Trauma is the response to a deeply distressing event or series of events, or set of circumstances experienced by an individual as physically or emotionally harmful or life-threatening with lasting adverse effects on the individual's functioning and mental, physical, social, emotional, or spiritual well-being. It is uniquely personal and ultimately defined by the sole experiences of the survivor. (Substance Abuse and Mental Health Services Association SAMHSA) 

Examples of Trauma 

Death of family member, loved one, or pet


Physical pain or serious injury (for example, a severe car accident)

Serious illness


Domestic abuse

Sexual assault or rape

Natural disaster


Witnessing a death



Survivors of violent crimes, or crimes committed against persons are generally considered to be the most serious of offenses.  An attack on one’s personhood is a grave injustice.  Survivors experience both physical and emotional trauma related to the event.  Traumatic events place a heavy burden on individuals and families. That aspect is further exacerbated for survivors of crime.  Those who experience trauma can and do move forward with their lives with some degree of normalcy, however, for those without a strong support system or sense of resiliency, this prospect is daunting.  Many survivors experience varying degrees of ongoing traumatic stress well after the incident. For every individual, the response is undeniably and uniquely personal.  

Recognizing that one approach to care does not fit every individual services for trauma survivors should be established on policies and procedures that address safety and provide voice to and choice for survivors as defined by the survivors themselves.  Recovery and aftercare support services to trauma survivors should be individualized, culturally responsive, and promote patient respect and dignity.

Research has shown that traumatic experiences are associated with both behavioral health and chronic physical health conditions. Substance use disorders, mental health conditions and high risk behaviors, such as self-harm and risky sexual behaviors, have been associated with traumatic life experiences.  For underserved populations and those with more severe trauma-related symptoms or mental health issues, it is extremely difficult to engage aftercare support services.   Individuals without healthcare access or support due to socioeconomic status, cultural or linguistic barriers, or even basic barriers such as transportation, often fall through the cracks.

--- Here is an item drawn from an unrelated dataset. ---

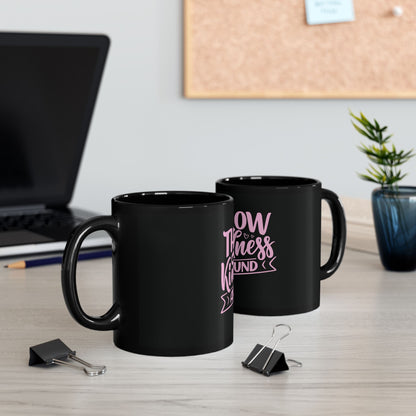 Throw Kindness Around Inspirational Mug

CITRC provides a comprehensive trauma and recovery support system that is culturally responsive and actively engaged throughout the healing process to ensure maximum benefit for clients. 

In keeping with the trauma recovery center model, CITRC works to promote safety and stabilization, engagement for and with patients, help restore a sense of faith in humanity for patients throughout the program and to help build a sense of empowerment within our clients.